» What you need to do:
From the first line to the last, repeat the data exactly and drop the pictures.

» Extracted data entries:

┌────────

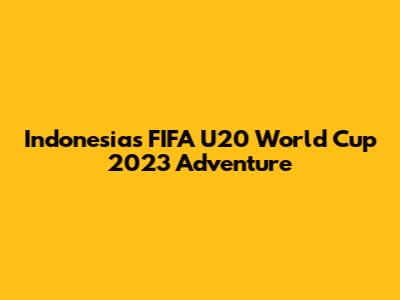 Indonesia's FIFA U20 World Cup 2023 Adventure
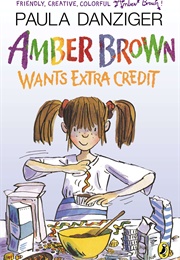 Amber Brown Wants Extra Credit (Paula Danziger)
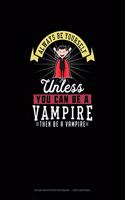 Always Be Yourself Unless You Can Be A Vampire Then Be A Vampire: Polar Graph Paper Notebook - 1 Inch Centered(305 Polar Graph Paper Notebook - 1 Inch Centered)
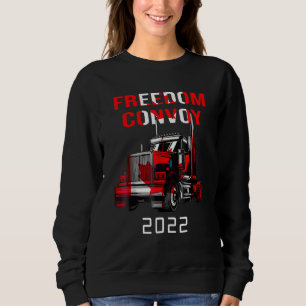 Canada Truck Freedom Convoy Canadian Trucker Rule Sweatshirt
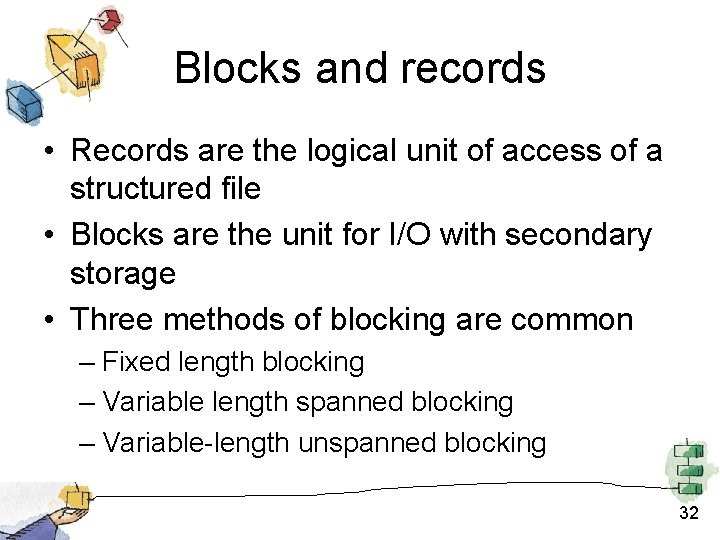 Blocks and records • Records are the logical unit of access of a structured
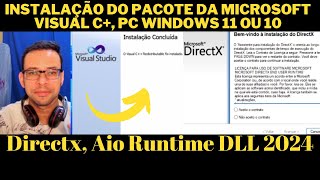 Como instalar o Pacote da Microsoft Visual C Directx Aio Runtime DLL 2024 no PC Windows [upl. by Farhsa62]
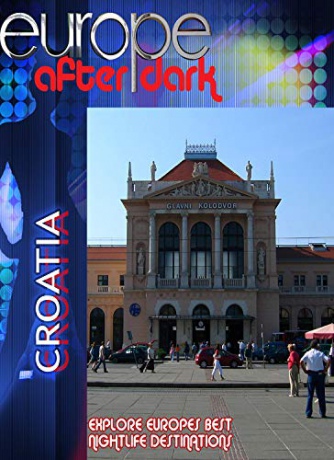 Europe After Dark Croatia [Blu-Ray]
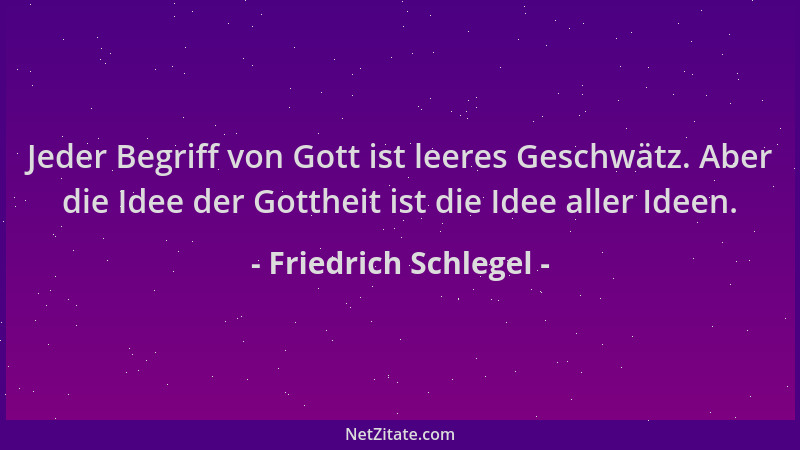 Friedrich Schlegel - Jeder Begriff von Gott ist leeres Geschwätz. Aber die Idee der Gottheit ist die Idee aller Ideen....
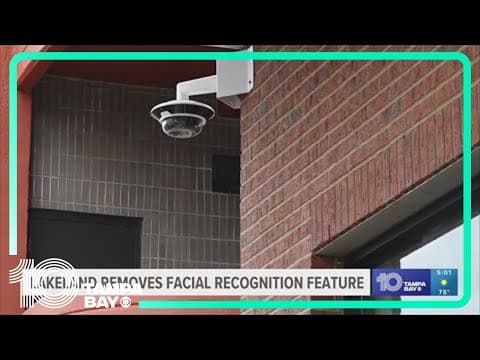 Pushback from residents causes facial recognition cameras to be removed in Lakeland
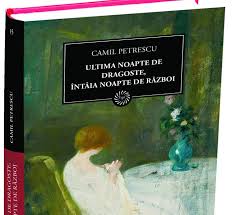 199) ultima noapte este nu numai romanul razboiului, dar si al dragostei. Stefan Gheorghidiu Ultima Noapte De Dragoste Intaia Noapte De Razboi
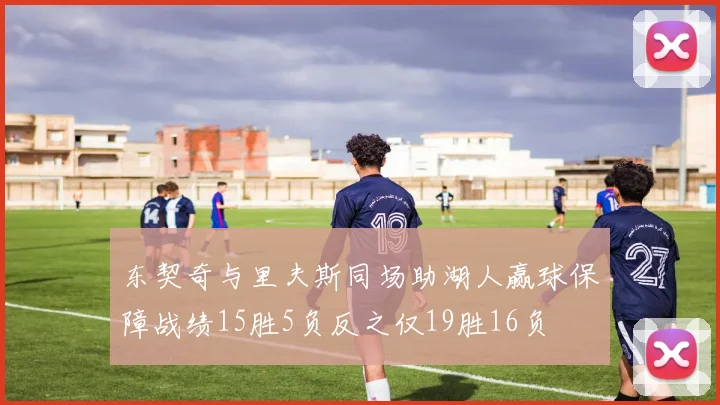 东契奇与里夫斯同场助湖人赢球保障战绩15胜5负反之仅19胜16负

└────────

» Exercise output:
 Indonesia's FIFA U20 World Cup 2023 Adventure
 Amber Brown Wants Extra Credit (Paula Danziger)
 Always Be Yourself Unless You Can Be A Vampire Then Be A Vampire: Polar Graph Paper Notebook - 1 Inch Centered(305 Polar Graph Paper Notebook - 1 Inch Centered)
 Canada Truck Freedom Convoy Canadian Trucker Rule Sweatshirt
 Blocks and records • Records are the logical unit of access of a structured
 Como instalar o Pacote da Microsoft Visual C Directx Aio Runtime DLL 2024 no PC Windows [upl. by Farhsa62]
 Europe After Dark Croatia [Blu-Ray]
 Friedrich Schlegel - Jeder Begriff von Gott ist leeres Geschwätz. Aber die Idee der Gottheit ist die Idee aller Ideen....
 Pushback from residents causes facial recognition cameras to be removed in Lakeland
 199) ultima noapte este nu numai romanul razboiului, dar si al dragostei. Stefan Gheorghidiu Ultima Noapte De Dragoste Intaia Noapte De Razboi
 东契奇与里夫斯同场助湖人赢球保障战绩15胜5负反之仅19胜16负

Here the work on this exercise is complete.